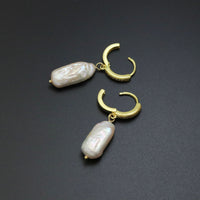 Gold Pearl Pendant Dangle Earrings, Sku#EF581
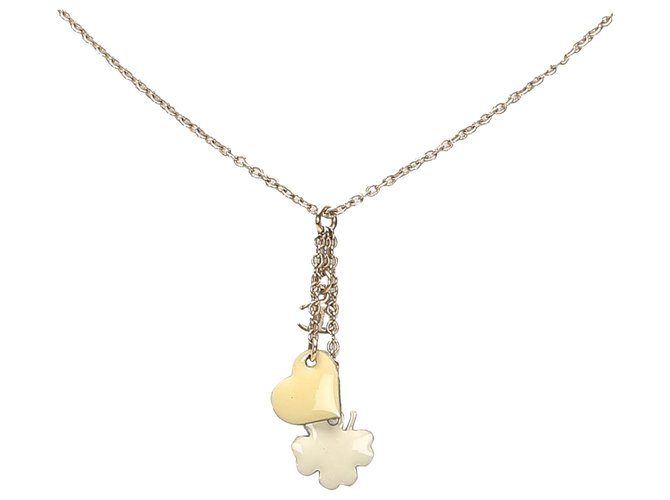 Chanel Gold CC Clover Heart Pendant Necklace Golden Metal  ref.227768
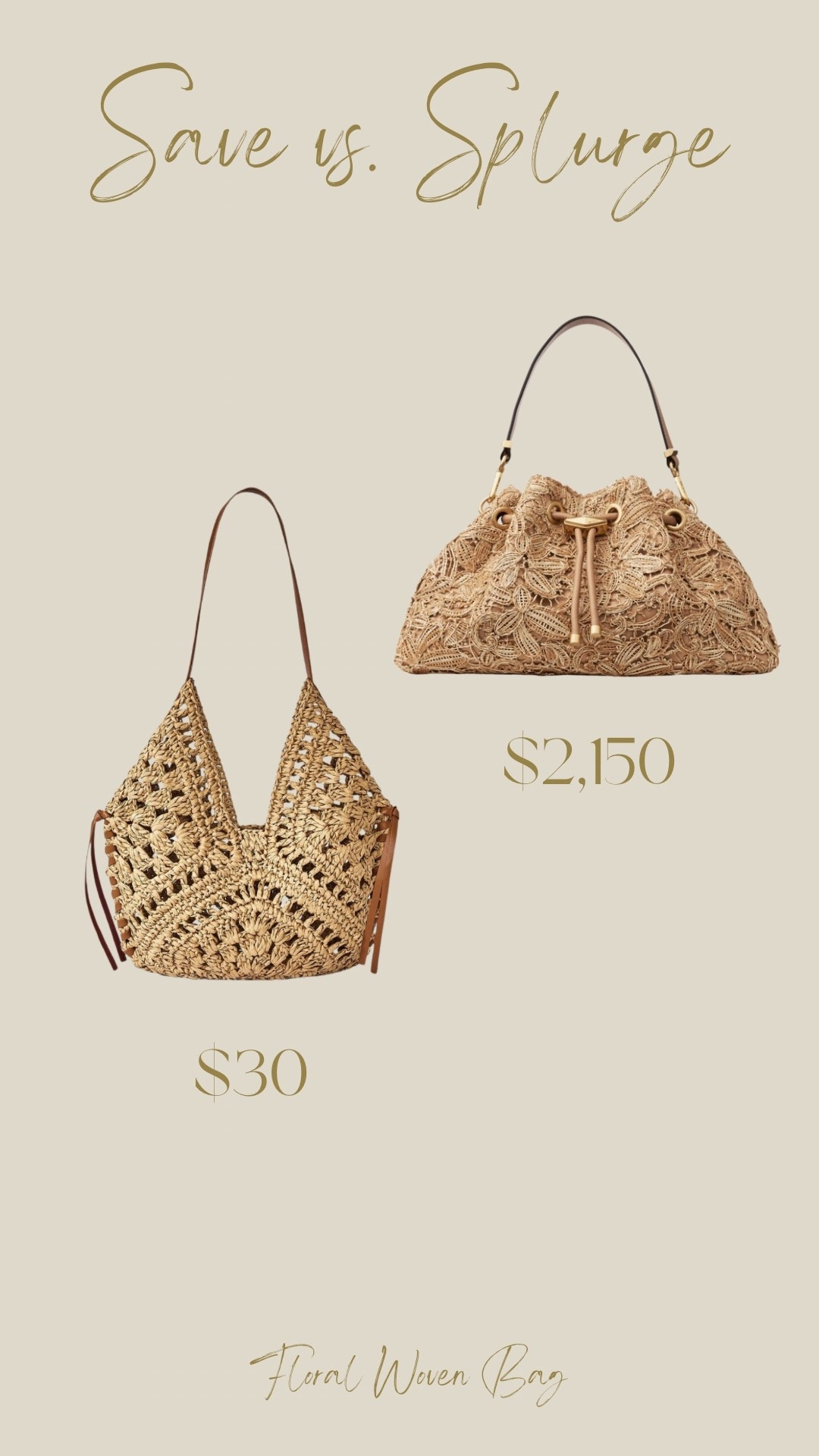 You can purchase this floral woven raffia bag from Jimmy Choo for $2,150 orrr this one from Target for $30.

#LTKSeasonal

• • • • •

** What is expected **
Any images must be left out; transcribe the rest of the material exactly.

** Answer box **
 Gold Pearl Pendant Dangle Earrings, Sku#EF581
 Chanel Gold CC Clover Heart Pendant Necklace Golden Metal  ref.227768
 You can purchase this floral woven raffia bag from Jimmy Choo for $2,150 orrr this one from Target for $30.

#LTKSeasonal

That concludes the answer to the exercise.